We have arrived at our first stop: my hometown of Huntsville, Alabama with a car overflowing with stuff that must be culled before we continue westward. It was a whirlwind as we desperately scrambled to find a place for all the things that filled our one bedroom apartment. I had thought we had done a good job of downsizing our possessions when we sold our home back in September, but the mountains of material that we sorted and shuffled over the past few days left me feeling overwhelmed and at times paralyzed. Though I feel the freedom of life on the road creeping into my bones, the burden of the stuff we left behind still weighs heavily on me.
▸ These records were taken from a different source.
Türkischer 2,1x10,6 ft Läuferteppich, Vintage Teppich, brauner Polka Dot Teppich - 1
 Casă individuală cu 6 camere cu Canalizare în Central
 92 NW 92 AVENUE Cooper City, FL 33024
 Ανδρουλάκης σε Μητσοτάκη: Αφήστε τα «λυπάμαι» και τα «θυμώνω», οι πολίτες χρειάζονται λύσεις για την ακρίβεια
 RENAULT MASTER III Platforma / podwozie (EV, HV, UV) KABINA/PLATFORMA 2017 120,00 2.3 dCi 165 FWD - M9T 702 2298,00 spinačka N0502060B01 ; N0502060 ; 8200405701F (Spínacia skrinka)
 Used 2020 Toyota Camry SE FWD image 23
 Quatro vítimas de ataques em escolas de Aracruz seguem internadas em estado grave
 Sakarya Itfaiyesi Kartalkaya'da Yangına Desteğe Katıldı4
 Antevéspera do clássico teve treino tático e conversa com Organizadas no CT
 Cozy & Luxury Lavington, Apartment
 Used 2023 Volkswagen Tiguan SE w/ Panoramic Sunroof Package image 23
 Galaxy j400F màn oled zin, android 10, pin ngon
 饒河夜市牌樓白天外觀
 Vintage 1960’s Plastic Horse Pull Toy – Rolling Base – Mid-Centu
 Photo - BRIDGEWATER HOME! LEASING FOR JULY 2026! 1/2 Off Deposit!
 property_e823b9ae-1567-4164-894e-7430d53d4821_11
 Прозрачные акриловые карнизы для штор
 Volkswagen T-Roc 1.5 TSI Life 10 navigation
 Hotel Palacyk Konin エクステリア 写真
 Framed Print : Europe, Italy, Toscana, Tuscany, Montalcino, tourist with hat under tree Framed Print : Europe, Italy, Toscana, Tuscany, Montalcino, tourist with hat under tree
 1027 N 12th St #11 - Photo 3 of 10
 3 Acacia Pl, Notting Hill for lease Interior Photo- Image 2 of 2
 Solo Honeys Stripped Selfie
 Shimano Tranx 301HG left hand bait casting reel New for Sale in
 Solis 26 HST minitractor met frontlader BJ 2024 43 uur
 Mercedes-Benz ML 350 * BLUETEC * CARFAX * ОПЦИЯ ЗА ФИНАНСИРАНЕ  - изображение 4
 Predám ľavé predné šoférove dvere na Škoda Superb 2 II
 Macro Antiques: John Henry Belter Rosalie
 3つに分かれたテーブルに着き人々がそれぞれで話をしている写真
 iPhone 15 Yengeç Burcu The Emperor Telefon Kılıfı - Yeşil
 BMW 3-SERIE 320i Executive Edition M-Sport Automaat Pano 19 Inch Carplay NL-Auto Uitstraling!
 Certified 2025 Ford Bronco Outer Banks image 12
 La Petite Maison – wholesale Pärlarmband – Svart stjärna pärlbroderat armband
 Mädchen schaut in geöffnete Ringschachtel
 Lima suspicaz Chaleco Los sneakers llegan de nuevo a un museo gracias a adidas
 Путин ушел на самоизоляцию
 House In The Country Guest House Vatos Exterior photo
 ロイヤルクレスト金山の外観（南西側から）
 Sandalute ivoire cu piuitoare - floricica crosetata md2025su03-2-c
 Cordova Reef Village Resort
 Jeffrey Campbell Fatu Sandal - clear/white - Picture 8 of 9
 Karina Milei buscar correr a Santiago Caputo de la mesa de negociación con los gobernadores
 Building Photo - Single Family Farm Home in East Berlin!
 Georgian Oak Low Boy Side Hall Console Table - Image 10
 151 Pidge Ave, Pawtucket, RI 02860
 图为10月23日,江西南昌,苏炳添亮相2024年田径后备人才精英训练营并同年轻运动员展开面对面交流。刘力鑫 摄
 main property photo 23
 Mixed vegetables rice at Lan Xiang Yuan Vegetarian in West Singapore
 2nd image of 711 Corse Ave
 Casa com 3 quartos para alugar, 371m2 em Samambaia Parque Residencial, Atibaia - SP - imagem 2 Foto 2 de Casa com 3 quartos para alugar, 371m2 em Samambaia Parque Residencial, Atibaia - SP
I don’t know why it is that I feel such a weight from the physical objects that my life has accumulated. To me, each one represents a responsibility of some sort, whether it be a book to be read, a hobby that I claim I want to pursue, or just a thing that needs to go someplace (the environmentalist in me has a hard time throwing anything away). When I have a place to put these things, it is all too easy to place those responsibilities into the “I’ll get around to that later” category. Moving forces me to come face to face with those perceived responsibilities and deal with them head on. For me this creates feelings of guilt for the things left undone, even though those things were likely not all that important or meaningful, otherwise I probably would have done them.
I need to have a better relationship with my stuff. I think I know what I want: to have as few things as possible. I have known the freedom of what it is like to have very few possessions and I want that feeling to be something I experience not just while living out of a backpack. Getting from here to there is proving more difficult that I had hoped.
What about you? How do you relate to the “stuff” in your life?